There is an asymptote at [MATH]x = 1[/MATH] as [MATH]a[/MATH] approaches either [MATH]\infty[/MATH] or [MATH]-\infty[/MATH], where no point of intersection will ever fall. It should be possible to graph the path of these points as a function of [MATH]x[/MATH].

 

[Steven G]

You want to find the point of intersection of the two lines, which depends on a. The point of intersection will still be an (x,y) point on the plane, in terms of a. Yes, you need to involve y in this experiment!

 

[Dr.Peterson]

So do i get a parametric equation?

x= (3-a)/(2-a), y= 2(3-a)/(2-a) + a

And directly finding a cartesian is not that simple i guess?

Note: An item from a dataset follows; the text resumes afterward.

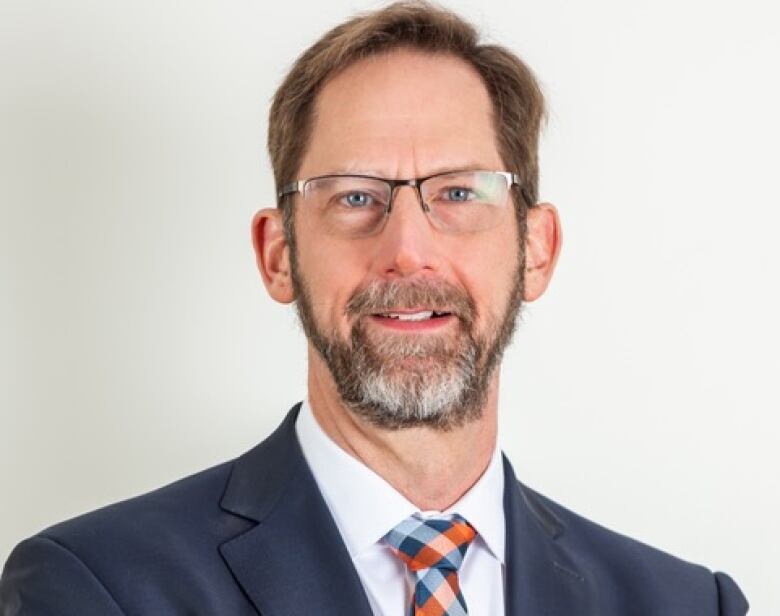 Man with glasses and grey-brown hair and beard wearing navy suit jacket and white shirt with tie.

Solve the first equation for a in terms of x, then put that in place of a in the second equation. That will give you an equation for y as a function of x. No, it isn't easy, but it's straightforward. (You may want to simplify your second equation first.)

 

[apple2357]

Solve the first equation for a in terms of x, then put that in place of a in the second equation. That will give you an equation for y as a function of x. No, it isn't easy, but it's straightforward. (You may want to simplify your second equation first.)

Yes after doing the algebra, i get y= (2x^2-3)/(x-1) which appears correct. Its interesting that the path of an intersection point between two lines can produce something like this! Before i explored it on software, i wasn't expecting anything so different.

Does anyone know of other surprising paths ( well surprising to you!) that are produced by looking at intersection points?